Heterotrophic alkalinity loss = 3.57 g CaCO₃ / g N consumed
Nitrification alkalinity loss = 7.05 g CaCO₃ / g N oxidised
Ebeling et al. (2006).
5. Oxygen demand
COD_source ≈ 1.07 g O₂/g (sugars), 1.18 (starch), 0.95 (molasses)
O₂_demand = Mass_source × COD × Respiration_fraction
~50% of C respired, ~50% to biomass (Ebeling 2006). Distributed over 8-12 h.
6. Biofloc biomass
Biomass_VSS = N_assimilated × 8.07 g VSS/g N
Crude protein ≈ Biomass × 0.30-0.40
Stoichiometric balance per Ebeling et al. (2006).

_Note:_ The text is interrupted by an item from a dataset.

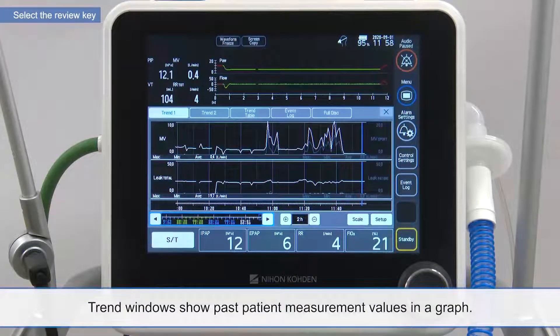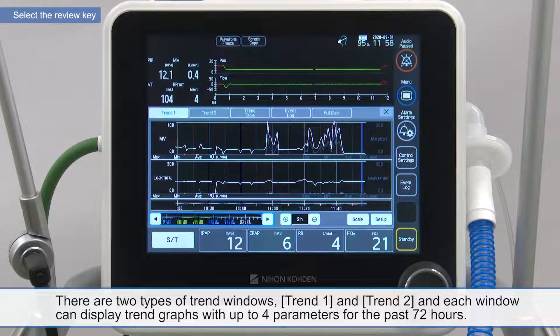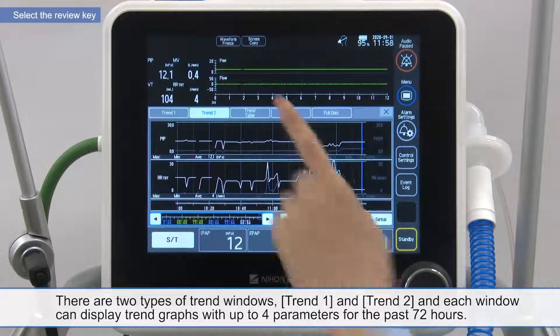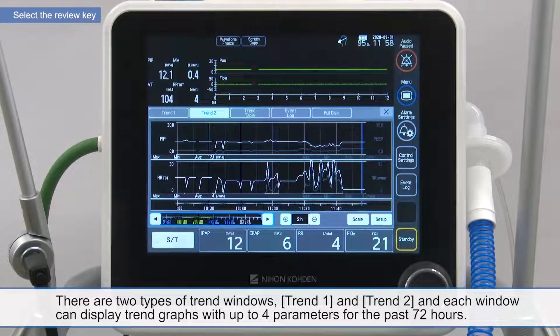Trend windows show past patient measurement values in a graph. There are two types of trend windows, trend 1 and trend 2, and each window can display trend graphs with up to four parameters for the past 72 hours.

Shrimp Tolerance Thresholds
| Parameter | Safe | Stressful | Critical |
|---|---|---|---|
| TAN (mg/L) | <1.0 | 1.0-3.0 | >3.0 |
| NH₃-N (mg/L) | <0.05 | 0.05-0.15 | >0.15 |
| NO₂⁻-N (mg/L) | <1.0 | 1.0-3.0 | >5.0 |
| DO (mg/L) | >5.0 | 3.5-5.0 | <3.0 |
| pH | 7.5-8.3 | <7.0 or >8.7 | <6.5 or >9.0 |
| Alkalinity (mg/L) | 120-200 | 80-120 | <80 |
| Temperature (°C) | 27-31 | 23-27 / 31-33 | <22 or >34 |
Values for Litopenaeus vannamei. Lin & Chen (2001, 2003); Boyd & Tucker (2014).
Carbon Source Properties
| Source | %C | COD/g | Speed |
|---|---|---|---|
| Sucrose (sugar) | 42% | 1.07 | Fast |
| Molasses | 30% | 0.95 | Fast |
| Jaggery | 40% | 1.00 | Fast |
| Tapioca starch | 44% | 1.18 | Moderate |
| Corn starch | 44% | 1.18 | Moderate |
| Wheat flour | 40% | 1.15 | Moderate |
| Rice bran | 38% | 1.30 | Slow |
| Glycerol | 39% | 1.22 | Fast |
| Sodium acetate | 29% | 0.78 | Very fast |
Primary References
- Avnimelech, Y. (1999). Carbon/nitrogen ratio as a control element in aquaculture systems. Aquaculture, 176, 227-235.
- Avnimelech, Y. (2009). Biofloc Technology — A Practical Guide Book. World Aquaculture Society.
- Ebeling, J.M., Timmons, M.B., Bisogni, J.J. (2006). Engineering analysis of the stoichiometry of photoautotrophic, autotrophic, and heterotrophic removal of ammonia-nitrogen. Aquaculture, 257, 346-358.
- De Schryver, P., Crab, R., Defoirdt, T., Boon, N., Verstraete, W. (2008). The basics of bio-flocs technology. Aquaculture, 277, 125-137.
- Crab, R., Defoirdt, T., Bossier, P., Verstraete, W. (2012). Biofloc technology in aquaculture. Aquaculture, 356-357, 351-356.
- Emerson, K., Russo, R.C., Lund, R.E., Thurston, R.V. (1975). Aqueous ammonia equilibrium calculations. J. Fish. Res. Board Can., 32, 2379-2383.
- Lin, Y.-C., Chen, J.-C. (2001, 2003). Acute toxicity of ammonia/nitrite on Litopenaeus vannamei. Aquaculture, 224, 193-201.
- Boyd, C.E., Hargreaves, J.A. (2001). SRAC Publication 4503: Alkalinity in fish ponds.
- Hargreaves, J.A. (2013). Biofloc production systems for aquaculture. SRAC Publication 4503.